Collected data entries:

§

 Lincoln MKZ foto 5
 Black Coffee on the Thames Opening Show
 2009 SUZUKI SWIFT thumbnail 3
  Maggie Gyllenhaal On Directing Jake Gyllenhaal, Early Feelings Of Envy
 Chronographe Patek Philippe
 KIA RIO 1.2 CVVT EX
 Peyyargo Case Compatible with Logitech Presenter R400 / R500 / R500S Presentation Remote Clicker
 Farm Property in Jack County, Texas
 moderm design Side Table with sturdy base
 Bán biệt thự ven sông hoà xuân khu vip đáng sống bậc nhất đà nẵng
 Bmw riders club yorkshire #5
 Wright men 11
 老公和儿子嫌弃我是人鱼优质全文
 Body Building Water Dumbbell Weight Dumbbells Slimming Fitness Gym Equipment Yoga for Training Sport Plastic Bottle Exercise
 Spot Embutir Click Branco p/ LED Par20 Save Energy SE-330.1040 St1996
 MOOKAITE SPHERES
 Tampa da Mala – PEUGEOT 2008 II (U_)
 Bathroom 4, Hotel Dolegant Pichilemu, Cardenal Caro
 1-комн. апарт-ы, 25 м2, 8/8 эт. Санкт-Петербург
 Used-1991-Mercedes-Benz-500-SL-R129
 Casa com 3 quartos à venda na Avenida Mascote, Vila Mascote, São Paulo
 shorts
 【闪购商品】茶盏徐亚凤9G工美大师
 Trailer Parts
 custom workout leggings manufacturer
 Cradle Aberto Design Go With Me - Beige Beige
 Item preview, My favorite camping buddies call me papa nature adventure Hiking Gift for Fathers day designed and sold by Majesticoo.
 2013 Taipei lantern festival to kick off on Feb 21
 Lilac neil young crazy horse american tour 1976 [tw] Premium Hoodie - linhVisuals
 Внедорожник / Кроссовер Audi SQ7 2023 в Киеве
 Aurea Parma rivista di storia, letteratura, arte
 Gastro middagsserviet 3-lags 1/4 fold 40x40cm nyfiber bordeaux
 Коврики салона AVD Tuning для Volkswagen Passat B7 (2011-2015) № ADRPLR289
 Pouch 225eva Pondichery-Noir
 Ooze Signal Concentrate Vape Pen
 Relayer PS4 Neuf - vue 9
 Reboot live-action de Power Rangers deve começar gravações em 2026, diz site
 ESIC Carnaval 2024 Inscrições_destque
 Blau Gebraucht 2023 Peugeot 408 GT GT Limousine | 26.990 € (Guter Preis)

§

#### EXERCISE OBJECTIVE:
Reproduce every entry exactly, with nothing added or dropped.

#### TASK RESPONSE:
 Lincoln MKZ foto 5
 Black Coffee on the Thames Opening Show
 2009 SUZUKI SWIFT thumbnail 3
  Maggie Gyllenhaal On Directing Jake Gyllenhaal, Early Feelings Of Envy
 Chronographe Patek Philippe
 KIA RIO 1.2 CVVT EX
 Peyyargo Case Compatible with Logitech Presenter R400 / R500 / R500S Presentation Remote Clicker
 Farm Property in Jack County, Texas
 moderm design Side Table with sturdy base
 Bán biệt thự ven sông hoà xuân khu vip đáng sống bậc nhất đà nẵng
 Bmw riders club yorkshire #5
 Wright men 11
 老公和儿子嫌弃我是人鱼优质全文
 Body Building Water Dumbbell Weight Dumbbells Slimming Fitness Gym Equipment Yoga for Training Sport Plastic Bottle Exercise
 Spot Embutir Click Branco p/ LED Par20 Save Energy SE-330.1040 St1996
 MOOKAITE SPHERES
 Tampa da Mala – PEUGEOT 2008 II (U_)
 Bathroom 4, Hotel Dolegant Pichilemu, Cardenal Caro
 1-комн. апарт-ы, 25 м2, 8/8 эт. Санкт-Петербург
 Used-1991-Mercedes-Benz-500-SL-R129
 Casa com 3 quartos à venda na Avenida Mascote, Vila Mascote, São Paulo
 shorts
 【闪购商品】茶盏徐亚凤9G工美大师
 Trailer Parts
 custom workout leggings manufacturer
 Cradle Aberto Design Go With Me - Beige Beige
 Item preview, My favorite camping buddies call me papa nature adventure Hiking Gift for Fathers day designed and sold by Majesticoo.
 2013 Taipei lantern festival to kick off on Feb 21
 Lilac neil young crazy horse american tour 1976 [tw] Premium Hoodie - linhVisuals
 Внедорожник / Кроссовер Audi SQ7 2023 в Киеве
 Aurea Parma rivista di storia, letteratura, arte
 Gastro middagsserviet 3-lags 1/4 fold 40x40cm nyfiber bordeaux
 Коврики салона AVD Tuning для Volkswagen Passat B7 (2011-2015) № ADRPLR289
 Pouch 225eva Pondichery-Noir
 Ooze Signal Concentrate Vape Pen
 Relayer PS4 Neuf - vue 9
 Reboot live-action de Power Rangers deve começar gravações em 2026, diz site
 ESIC Carnaval 2024 Inscrições_destque
 Blau Gebraucht 2023 Peugeot 408 GT GT Limousine | 26.990 € (Guter Preis)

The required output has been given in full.